31. Mais enfin, pourquoi l’un des Évangélistes compte-t-il en montant et l’autre en descendant ? Écoutez ceci attentivement, je vous en prie, autant que le Seigneur vous en accordera la grâce, avec un esprit tranquille et débarrassé des importunes préoccupations que produisaient en vous ces accusations captieuses. Saint Matthieu suppute les générations en descendant, pour exprimer que Notre-Seigneur Jésus-Christ est descendu afin de se charger de nos péchés et afin que toutes les nations fussent bénies dans la postérité d’Abraham. Pour le même motif il ne commence ni par Adam, le père de tout le genre humain ; ni par Noé, dont la famille a peuplé toute la terre après le déluge. Pour montrer l’accomplissement de la prophétie, il était inutile de rappeler que le Christ fait homme descendait d’Adam et de Noé, les deux pères de l’humanité ; mais il fallait le faire remonter jusqu’à Abraham, puisque c’est à Abraham que fut donnée l’assurance que toutes les nations seraient bénies dans un rejeton de sa race, lorsque déjà la terre entière était peuplée. Saint Luc au contraire compte en montant, et ce n’est pas à la naissance du Sauveur qu’il suppute les générations, mais au moment où il rapporte son baptême par saint Jean.
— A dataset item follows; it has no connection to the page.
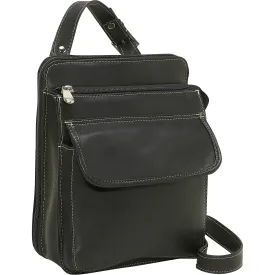 Leather Structured Organizer Shoulder Bag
De même en effet que le Sauveur en s’incarnant se charge des péchés du genre humain pour en porter le poids, ainsi en recevant le baptême il entreprend de les effacer. Puisque le premier de ces Évangélistes nous mettait sous les yeux le Sauveur descendant du ciel pour se charger de nos fautes, il était convenable qu’il énumérât les générations en descendant ; et puisque le second nous présentait le Fils de Dieu remontant des eaux où il avait laissé, non pas ses péchés, mais les nôtres, il devait compter en montant. L’un descend par Salomon, dont la mère pécha avec David ; et l’autre monte par Nathan, cet autre fils de David [2] qui purifia son père du crime commis par lui. Nous lisons en effet que Nathan fut envoyé vers ce prince pour lui reprocher son iniquité et le guérir par la pénitence. Ces deux historiens se rencontrent dans David[3], celui-ci en descendant et celui-là en montant, et de David à Abraham ou d’Abraham à David – on ne voit dans leur récit aucune génération différente. Ainsi le Christ, fils à la fois de David et d’Abraham ; s’élève à Dieu, où il faut que nous retournions avec lui après avoir effacé nos péchés et nous être renouvelés dans le baptême.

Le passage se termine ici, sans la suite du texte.